Abstract

Over the last years, the increasing demand in the oil and gas compressor market for performance, efficiency, compactness and reliability, has led Turbomachinery OEMs to increase the “power density” level. In most cases, power density entails high-speed which may introduce rotordynamic technical challanges (e.g. rotor passing through several critical speeds). Tiling pad journal bearings (TPJBs) are commonly adopted in high-speed application for their inherent stability characteristics. In this context, Flexure Pivot® journal bearings (FPJBs) present some distinct advantages for high-speed application compared to standard TPJBs. Integral squeeze film damper (ISFD®) are sometimes added in series to the FPJB to reduce stiffness and increase damping [1]. Originally introduced in the aircraft gas turbines, squeeze film dampers represent an efficient solution to ensure stable operation for supercritical rotors. ISFD are not so often adopted by OEMs and in many cases they are selected only as a retrofit solution when high level of synchronous/sub-synchronous vibrations are experienced in the field [2]. ISFD can be locked with the insertion of dedicated pins which block the ISFD and the journal bearing can operate stand-alone. If introduced by OEMs in the design phase, ISFD can represent a bearing-integrated back-up solution.

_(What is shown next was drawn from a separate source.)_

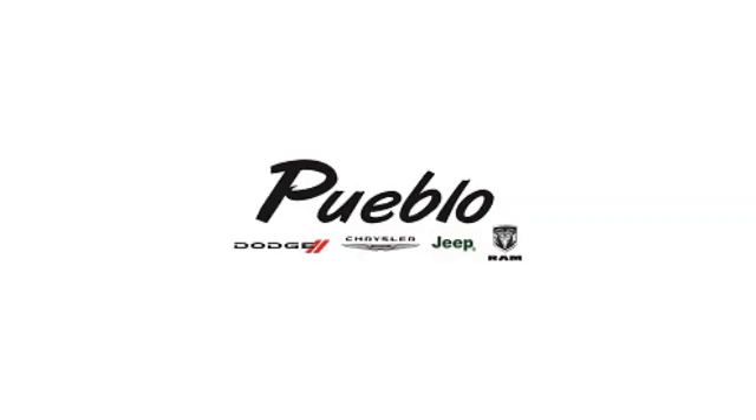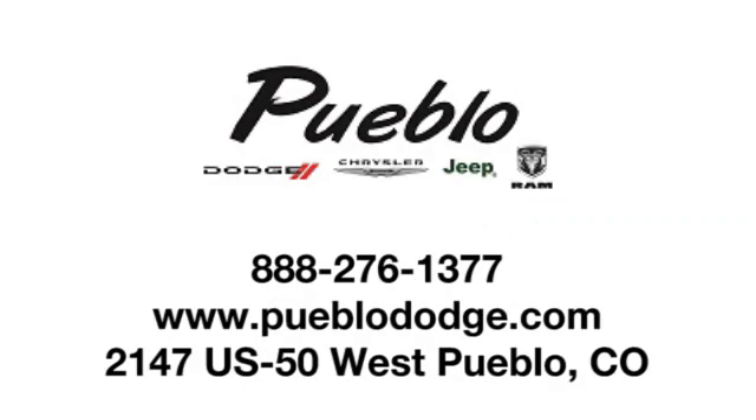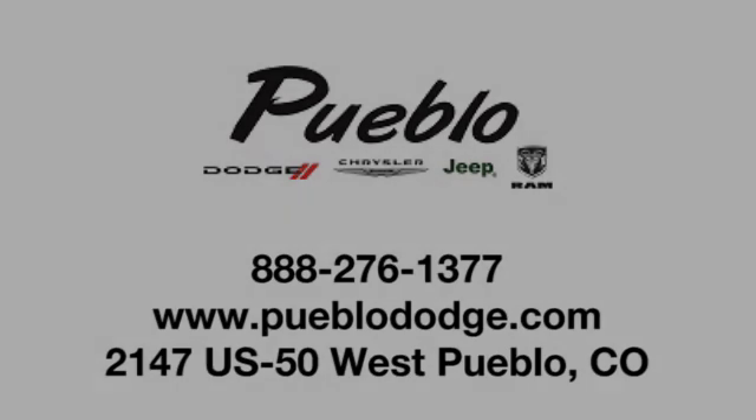Test drive it today. Discover family-owned Pueblo Dodge Chrysler Jeep today. We're conveniently located at 2147 US 50 West in Pueblo, Colorado.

The centrifugal compressor subject of this study is a high-speed, high-power density unit absorbing about 2.4MW at 27000rpm. It is a single stage machine compressing CO2 starting from about 80bar, 34°C up to 250bar. The rotor is monolithic in order to have the most rigid design as possible and improve the rotordynamic behaviour which is challenging since the rotor is expected to cross the first two damped critical speeds and finally run close to the third one. The rotor is supported with a pair of FPJBs equipped with ISFD. The FPJB is a four-pads, load-between-pad configuration with 60mm bore diameter. ISFD consists of several EDM made springs and dampers according to a design already investigated by the Authors [3]. In order to validate the rotor and journal bearings behaviour prior to perform the contractual mechanical running test the high-speed balancing activity is used as a system level rotordynamic test. For this reason, the test facility was equipped with special instrumentation in order to monitor journal bearing flow, pad temperatures and rotor vibrations.

References

[1] J. Agnew and D. Childs, "Rotordynamic Characteristics of a Flexure Pivot Pad Bearing With an Active and Locked Integral Squeeze Film Damper", Proceedings of the ASME Turbo Expo 2012: Turbine Technical Conference and Exposition. Volume 7: Structures and Dynamics, Parts A and B. Copenhagen, Denmark. June 11–15, 2012. pp. 551-561.

[2] R. Ferraro, M. Catanzaro, J. Kim, M. Massini, D. Betti and R. Livermore-Hardy, "Suppression of Subsynchronous Vibrations in a 11 MW Steam Turbine Using Integral Squeeze Film Damper Technology at the Exhaust Side Bearing", in Proceedings of the ASME Turbo Expo 2016: Turbomachinery Technical Conference and Exposition. Volume 7A: Structures and Dynamics, Seoul, South Korea. June 13-17, 2016.

[3] G. Vannini, “Rotordynamic Validation of an Ultra High Speed Multistage Centrifugal Compressor Stacked Rotor”, Proceedings of ASME IGTI Turbo Expo (GT2014-27339), Dusseldorf, 2014.